Marc Cuniberti: Structure assets through laddering

Marc Cuniberti
Columnist

Laddering is a strategy investors can use in a variety of asset classes. Laddering is structuring a number of similar assets with differing time periods or maturity dates. In my opinion laddering is best explained by using Certificates of Deposits (CD) that you would get from a bank.

To ladder a group of CDs, an investor would buy a group of CDs with differing maturities. Typical lengths of CDs are 21 days, one month, three months, six month, seven months, nine months, one year, two years, three years, five years, and 10 years. There are 11 CDs above with 11 different maturity dates.
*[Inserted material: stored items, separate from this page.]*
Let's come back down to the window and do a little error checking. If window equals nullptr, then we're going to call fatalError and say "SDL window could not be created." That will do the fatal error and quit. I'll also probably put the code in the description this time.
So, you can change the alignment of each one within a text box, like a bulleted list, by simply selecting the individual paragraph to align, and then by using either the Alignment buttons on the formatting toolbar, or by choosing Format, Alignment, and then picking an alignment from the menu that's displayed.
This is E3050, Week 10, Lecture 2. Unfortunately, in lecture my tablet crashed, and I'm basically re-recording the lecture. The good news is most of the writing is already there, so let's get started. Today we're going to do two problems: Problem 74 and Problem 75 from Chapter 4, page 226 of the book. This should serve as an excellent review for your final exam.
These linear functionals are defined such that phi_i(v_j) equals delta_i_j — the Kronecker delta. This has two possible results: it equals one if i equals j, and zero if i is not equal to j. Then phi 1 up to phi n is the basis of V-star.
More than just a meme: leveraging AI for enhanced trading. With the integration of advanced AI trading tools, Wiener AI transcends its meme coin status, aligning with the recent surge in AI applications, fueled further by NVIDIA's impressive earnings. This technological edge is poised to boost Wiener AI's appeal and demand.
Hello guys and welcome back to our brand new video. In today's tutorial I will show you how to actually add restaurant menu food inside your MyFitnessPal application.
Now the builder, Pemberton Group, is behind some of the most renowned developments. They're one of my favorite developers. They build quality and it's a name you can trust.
An example would be to buy one CD of each length above. This would mean the investor would have a CD coming due according to the maturity dates above. This accomplishes two things. It means the investor would have cash due him when each CD matures, continually making cash available for up to 10 years with 11 dates in total had the investor bought all the CDs listed. Of course not all 11 have to be bought. An investor could buy as many or as few as he desired. In addition to having an amount available at every maturity date, the investor would get a different amount of interest paid to him with each CD. The longer dated ones would usually pay a higher amount with the shorter duration paying less. This is not always the case such as when the yield curve inverts, an event typified by shorter maturity dated CDs paying more than longer dated ones but that occurrence is rare and is a story for another day.

Although the longer dated CDs pay more interest, they are more susceptible to movement in the economy’s general interest level. Since your interest rate on a CD purchased is locked until the maturity, when rates rise for example, you can buy the higher interest rate CDs when each of your CDs matures. If interest rates fall however, your longer maturity CDs would look more attractive, as the higher rates they pay are locked in.
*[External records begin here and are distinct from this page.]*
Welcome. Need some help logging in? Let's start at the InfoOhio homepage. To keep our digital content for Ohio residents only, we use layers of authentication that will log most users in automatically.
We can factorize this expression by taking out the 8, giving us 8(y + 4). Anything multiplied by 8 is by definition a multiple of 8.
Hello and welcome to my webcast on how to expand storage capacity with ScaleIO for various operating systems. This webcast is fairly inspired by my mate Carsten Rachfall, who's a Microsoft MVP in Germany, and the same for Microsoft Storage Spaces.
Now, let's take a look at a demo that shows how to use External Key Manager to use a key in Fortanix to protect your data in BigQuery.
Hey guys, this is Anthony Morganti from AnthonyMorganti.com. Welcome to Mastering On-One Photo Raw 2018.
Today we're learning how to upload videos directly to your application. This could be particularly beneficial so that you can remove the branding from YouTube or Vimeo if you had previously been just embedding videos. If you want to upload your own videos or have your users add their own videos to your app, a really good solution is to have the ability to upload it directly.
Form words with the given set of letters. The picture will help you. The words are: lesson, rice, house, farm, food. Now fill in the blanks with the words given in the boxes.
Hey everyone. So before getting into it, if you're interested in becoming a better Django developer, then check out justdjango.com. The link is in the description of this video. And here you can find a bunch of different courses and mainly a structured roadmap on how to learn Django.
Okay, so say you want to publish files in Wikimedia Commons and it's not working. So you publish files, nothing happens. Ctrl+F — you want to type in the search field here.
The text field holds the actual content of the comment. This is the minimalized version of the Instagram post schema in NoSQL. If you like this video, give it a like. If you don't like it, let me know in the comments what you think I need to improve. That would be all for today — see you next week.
Laddering can also be used on annuities. In this case, an investor would buy a handful of annuities with different payment conditions, different maturity dates and perhaps even differing “gearing” to an underlying index. In other words the investor buys a handful of different annuities. Since annuities come in a variety of structures and there are literally hundreds available, selecting a few different ones might provide an additional level of performance based on what happens in the markets.

Although how one sets up a ladder on whatever asset class they choose will take some knowledge, your investment advisor or some time spent in researching what is available and how laddering works might go a long way in accomplishing better diversification in your portfolio.

Laddering can also be used on a variety of what is called fixed income investments such as individual bonds, mortgages and other types of debt instruments. In simple terms, buying a variety of time sensitive investments with different maturities and conditions might be preferred over owning a lot of just one thing.

Laddering may not necessarily prevent losses. This is not a recommendation to buy or sell any securities. Investing involves risk depending on the type of investment. Consult with a financial professional before making any investment decisions and do your own research before investing.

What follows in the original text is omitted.